WHAT IS EXPECTED:
An exact copy of the listing below is required, minus its pictures.

DATA SEGMENT:
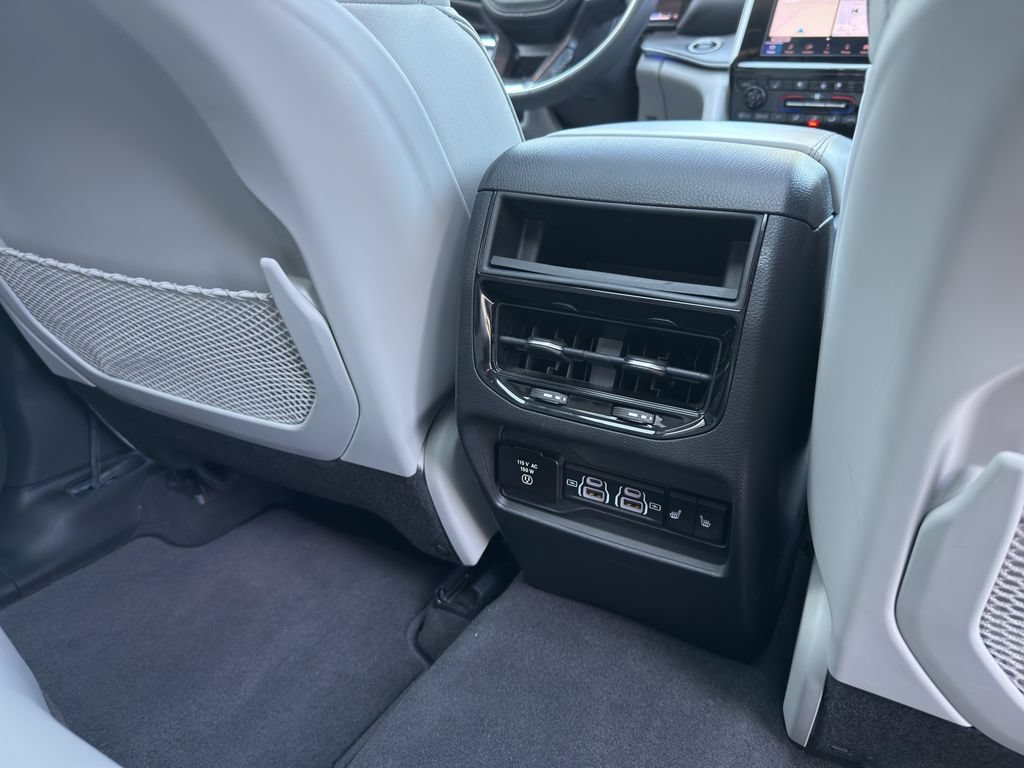 Used 2022 Jeep Grand Cherokee Overland RWD image 17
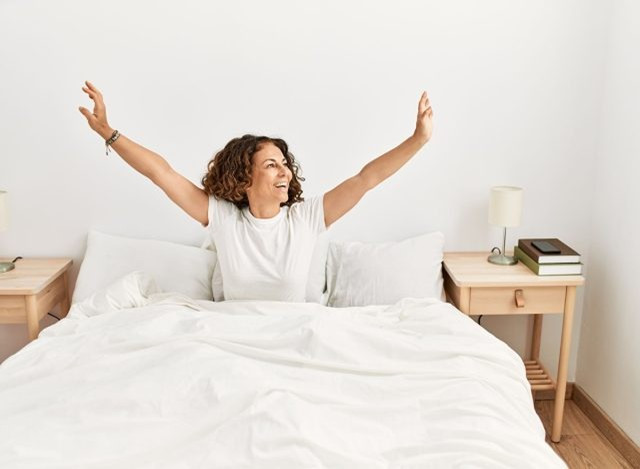 Giảm mỡ bụng sau tuổi 60: 4 bài tập nhẹ nhàng tại giường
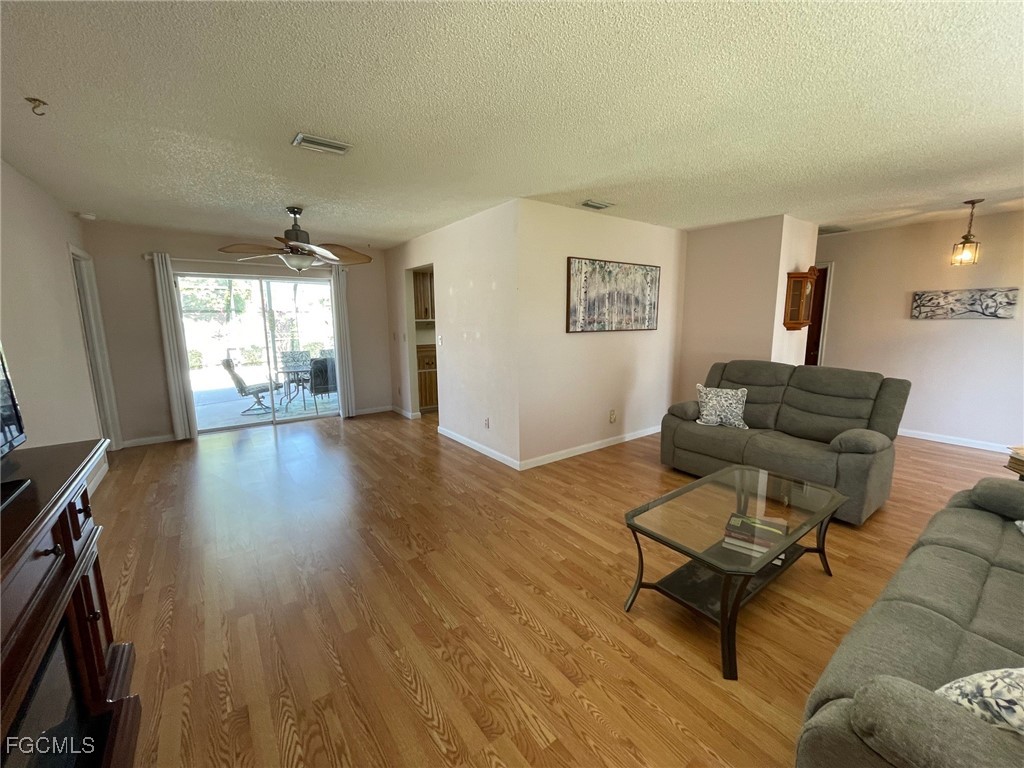 2121 SE 8th Terrace Cape Coral FL 33990 2025021148 image9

WORKED SOLUTION:
 Used 2022 Jeep Grand Cherokee Overland RWD image 17
 Giảm mỡ bụng sau tuổi 60: 4 bài tập nhẹ nhàng tại giường
 2121 SE 8th Terrace Cape Coral FL 33990 2025021148 image9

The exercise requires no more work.